Data supplied section start

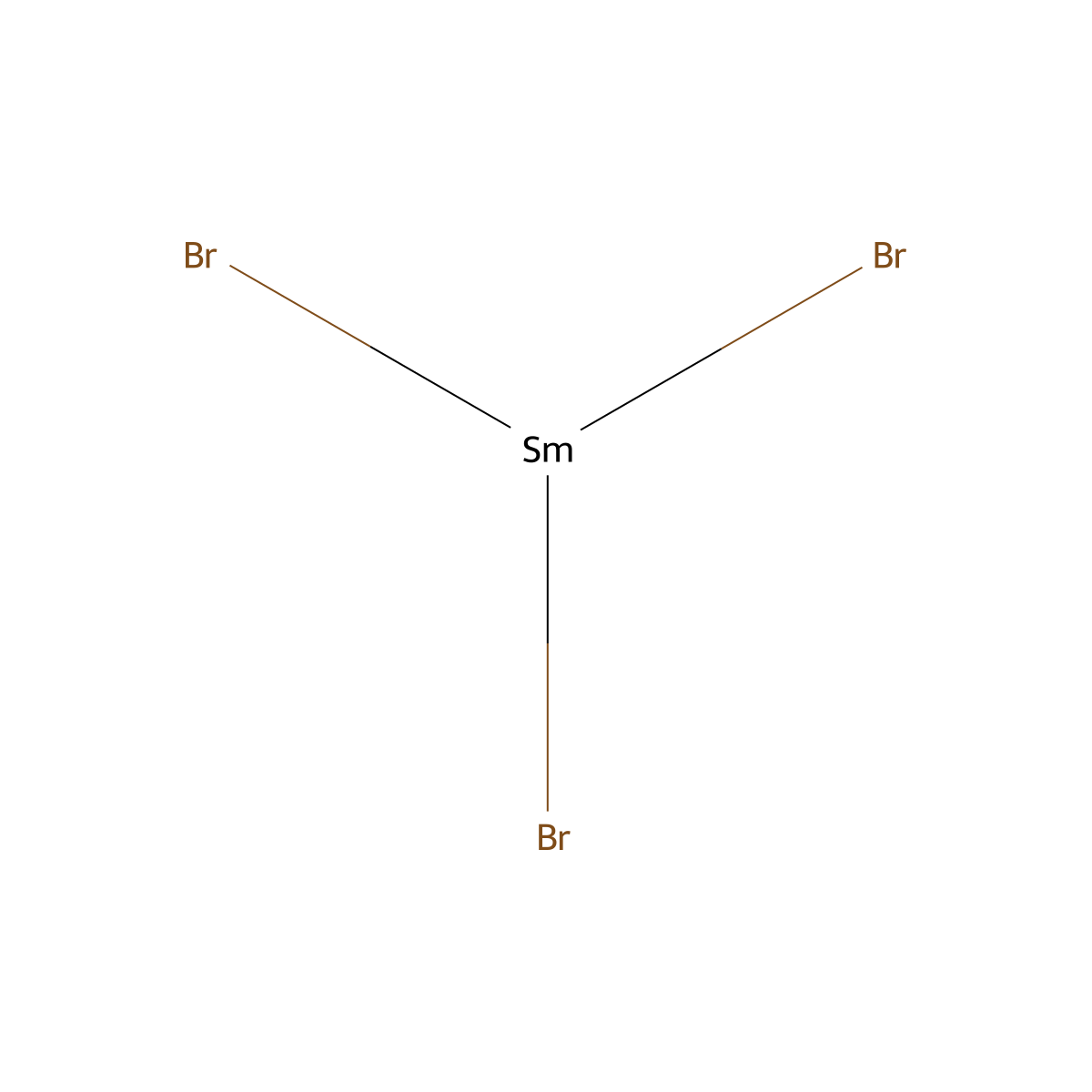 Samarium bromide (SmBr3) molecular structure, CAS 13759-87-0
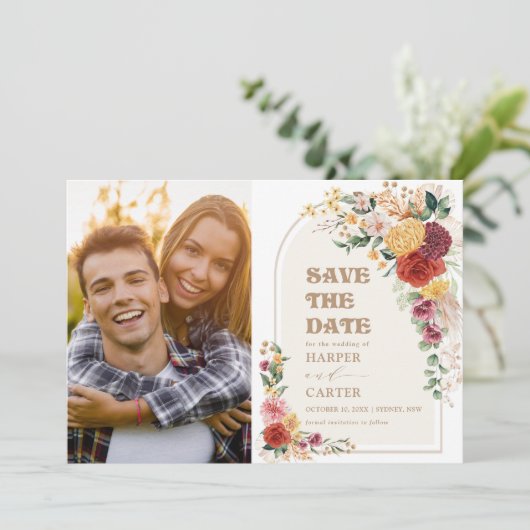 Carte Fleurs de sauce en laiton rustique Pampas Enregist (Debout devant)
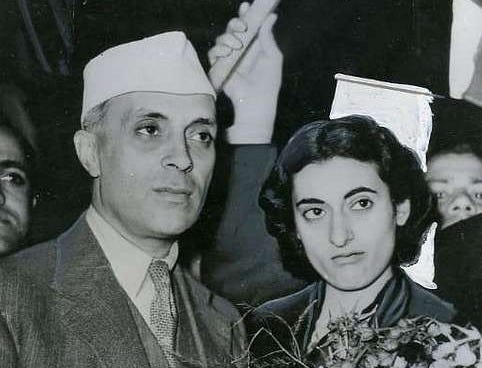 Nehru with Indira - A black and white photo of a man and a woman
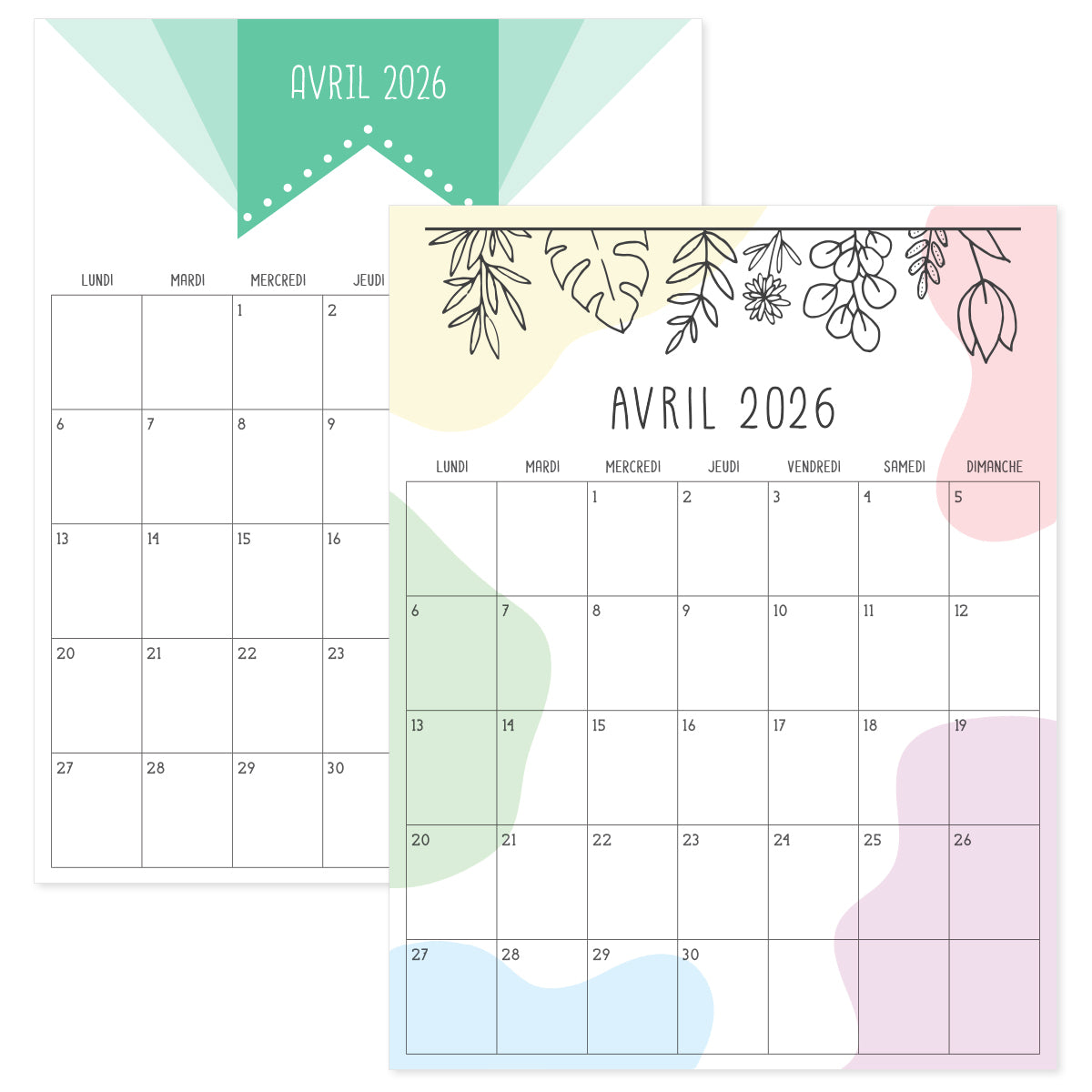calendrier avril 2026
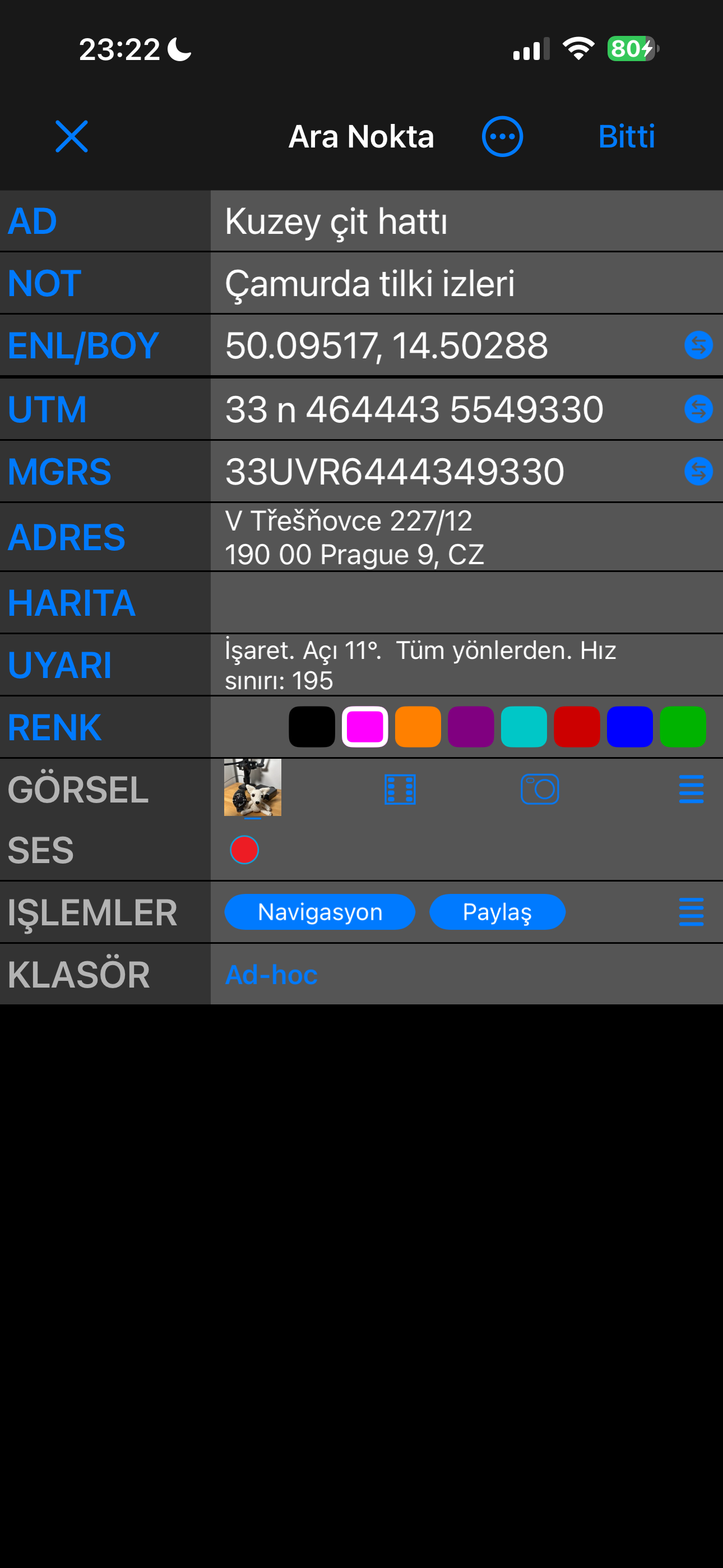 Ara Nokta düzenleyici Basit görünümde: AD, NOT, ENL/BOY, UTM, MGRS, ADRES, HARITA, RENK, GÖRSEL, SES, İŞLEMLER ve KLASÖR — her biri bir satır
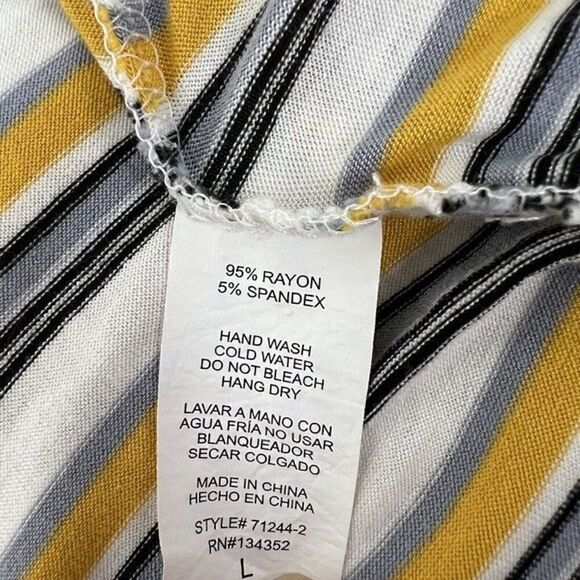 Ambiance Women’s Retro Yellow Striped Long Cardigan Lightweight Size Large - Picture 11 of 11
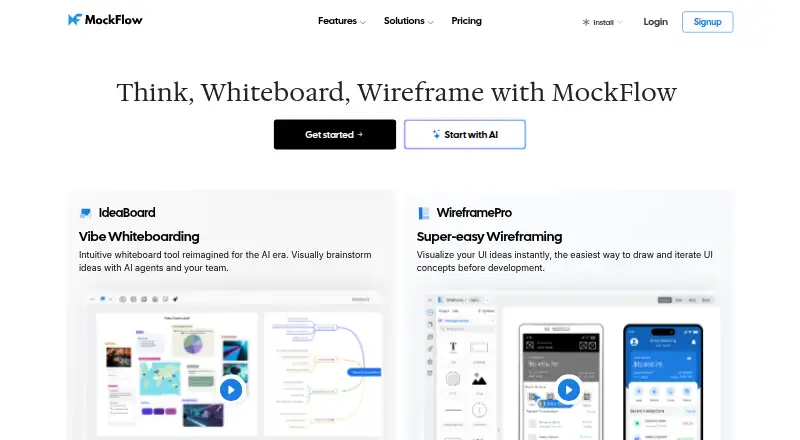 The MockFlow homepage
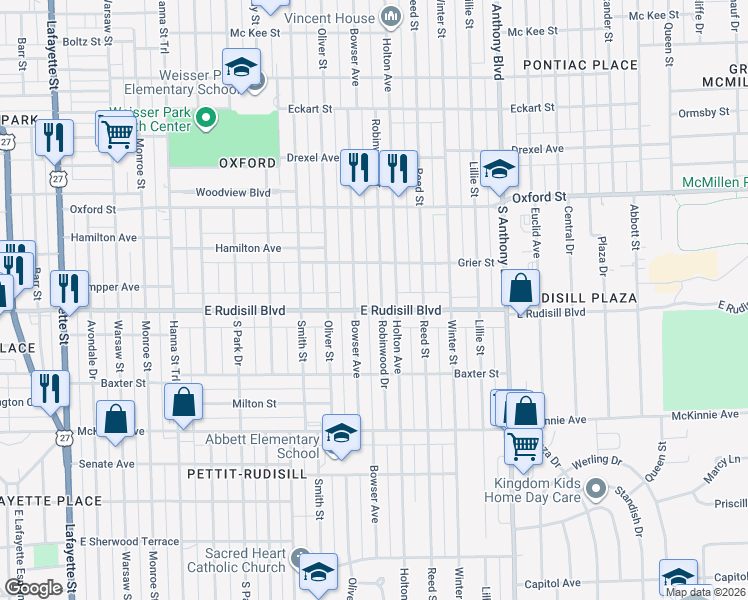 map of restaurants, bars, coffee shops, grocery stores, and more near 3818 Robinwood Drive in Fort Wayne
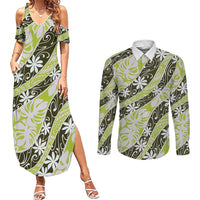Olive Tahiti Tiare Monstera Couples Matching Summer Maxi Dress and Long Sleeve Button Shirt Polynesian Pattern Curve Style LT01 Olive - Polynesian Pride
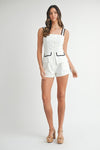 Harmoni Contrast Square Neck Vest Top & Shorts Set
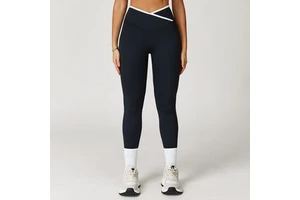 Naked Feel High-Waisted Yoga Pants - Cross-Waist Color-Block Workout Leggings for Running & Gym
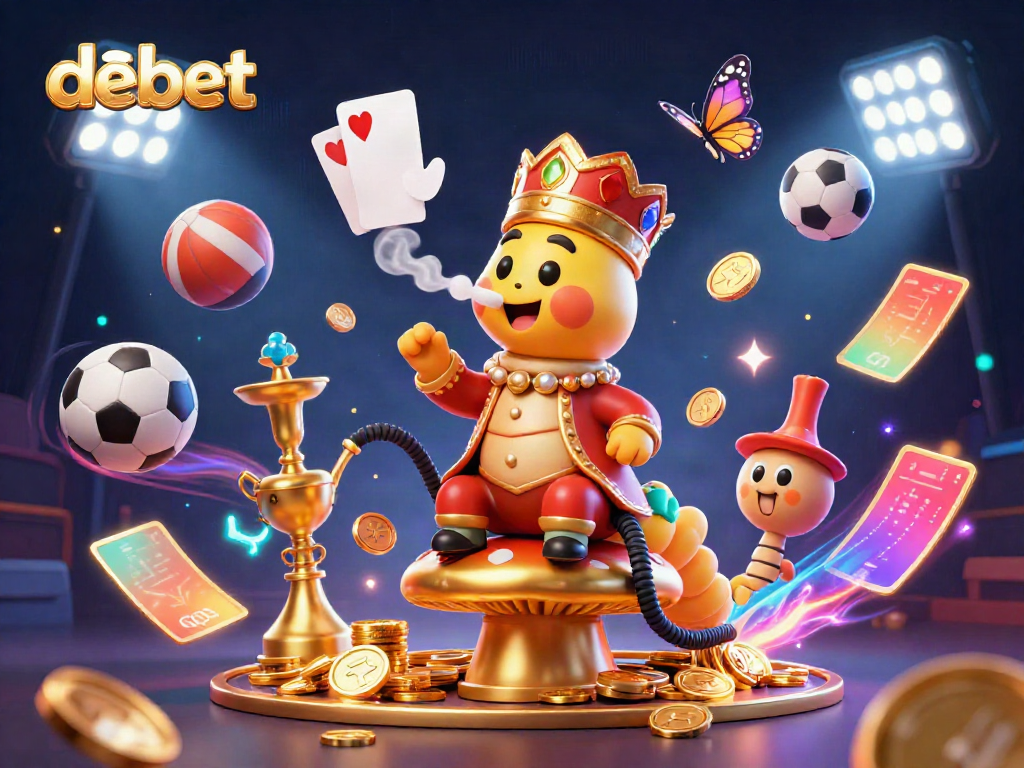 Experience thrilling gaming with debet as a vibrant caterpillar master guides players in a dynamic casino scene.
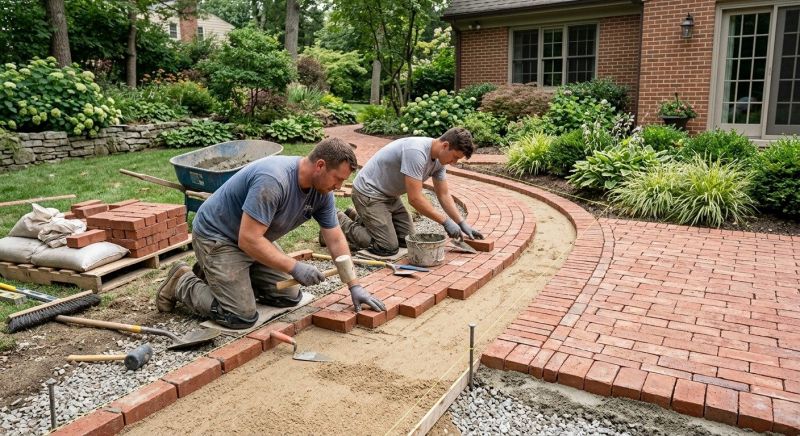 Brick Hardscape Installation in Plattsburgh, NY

Data supplied section end

Assignment:
Please quote the lines of the material, beginning with the first and ending with the one that contains "calendrier avril 2026", exactly as written and without any pictures.

Reply:
 Samarium bromide (SmBr3) molecular structure, CAS 13759-87-0
 Carte Fleurs de sauce en laiton rustique Pampas Enregist (Debout devant)
 Nehru with Indira - A black and white photo of a man and a woman
calendrier avril 2026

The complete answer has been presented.